Deadmau5 singles chronology
| "Raise Your Weapon" (2011) | "Aural Psynapse" (2011) | "Maths" (2012) |

= Aural Psynapse =

"Aural Psynapse" is an instrumental recording by Canadian electronic music producer Deadmau5. It was released on November 4, 2011, by Mau5trap and Ultra Records (US and Canada) and featured on his 2014 greatest hits album 5 Years of Mau5.

== Background ==
The original version of the track was recorded in 2001 and uploaded to SectionZ on June 17, 2002, under the alias Halcyon441 (Zimmerman's screen name at the time) on the self-released compilation Deadmau5 Circa 1998–2002.

Zimmerman previewed a remake in April 2011 through Ustream while it was a work in progress, noting it was originally "a track [he] made [...] ten years ago". The remake even uses a sample from the original 2001 release.

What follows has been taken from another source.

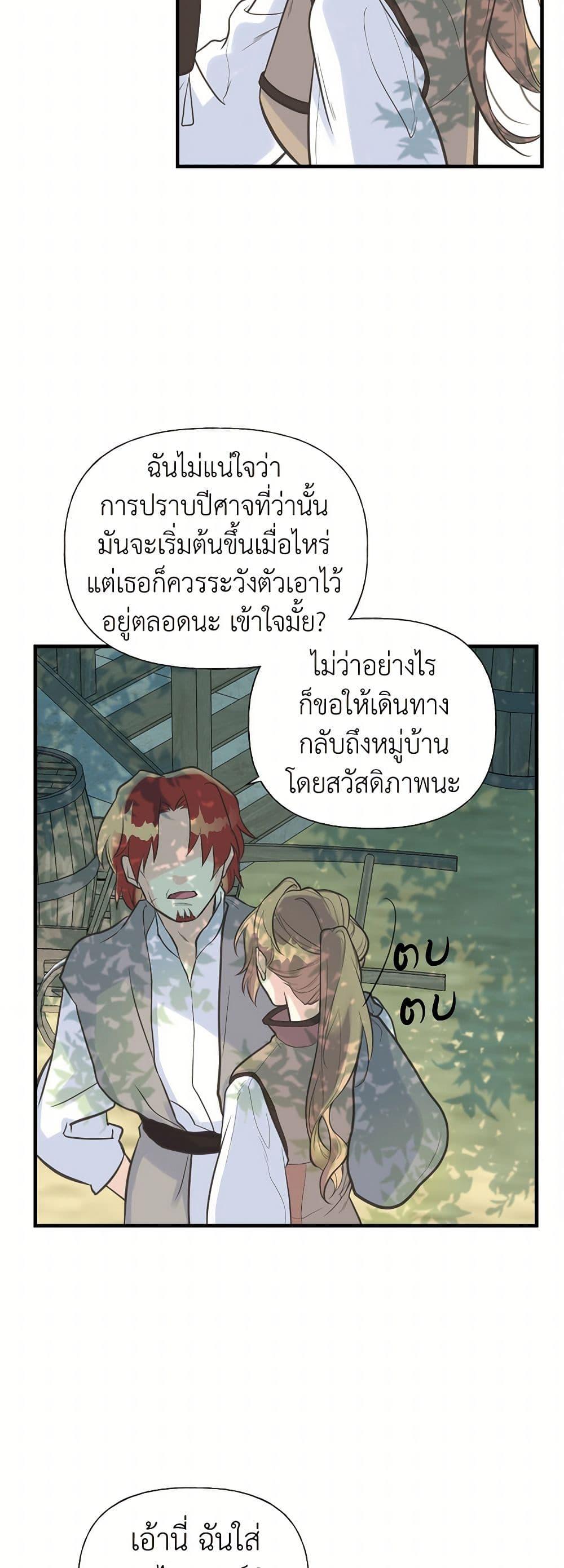 Manga-lc-com อ่านมังงะ อ่านการ์ตูน ออนไลน์ ฟรี My Sister Picked up the Male Lead ตอนที่ 1 2 3 4 5 6 7 8 9 10 11 12 13 14 ฟรี ไม่มีโฆษณา Manga-lc - อ่าน มังงะ อ่าน การ์ตูน ออนไลน์ อ่านมังงะ ฟรี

It was first played live in May 2011 during live in Malaysia and August 2011 during the Meowingtons Hax Tour.

== Release ==
The track was released on November 4, 2011. In December 2011, the song was featured in the tour Hard x Mouth Taped Shut. The song was also featured on the 2014 compilation album 5 Years of Mau5.

==Track listing==

Digital download
| No. | Title | Length |
|---|---|---|
| 1. | "Aural Psynapse" (Original Mix) | 7:30 |

== Appearances ==
The song "Aural Psynapse" from the 2001 version of the album Deadmau5 Circa 1998–2002 appears in the Miniclip game Little Rocketman.

==Charts==

| Chart (2012) | Peak position |
|---|---|
| Canadian Hot 100 (Billboard) | 38 |
| Canadian Digital Song Sales (Billboard) | 16 |
| UK Singles Chart (Official Charts Company) | 150 |
| UK Dance (OCC) | 27 |
| UK Indie (OCC) | 19 |
| US Bubbling Under Hot 100 Singles | 3 |
| US Dance/Electronic Digital Songs (Billboard) | 7 |
| US Digital Songs (Billboard) | 72 |
| US Heatseekers Songs (Billboard) | 16 |

==Certifications==

| Region | Certification | Certified units/sales |
| Canada (Music Canada) | Gold | 40,000^{*} |
^{*} Sales figures based on certification alone.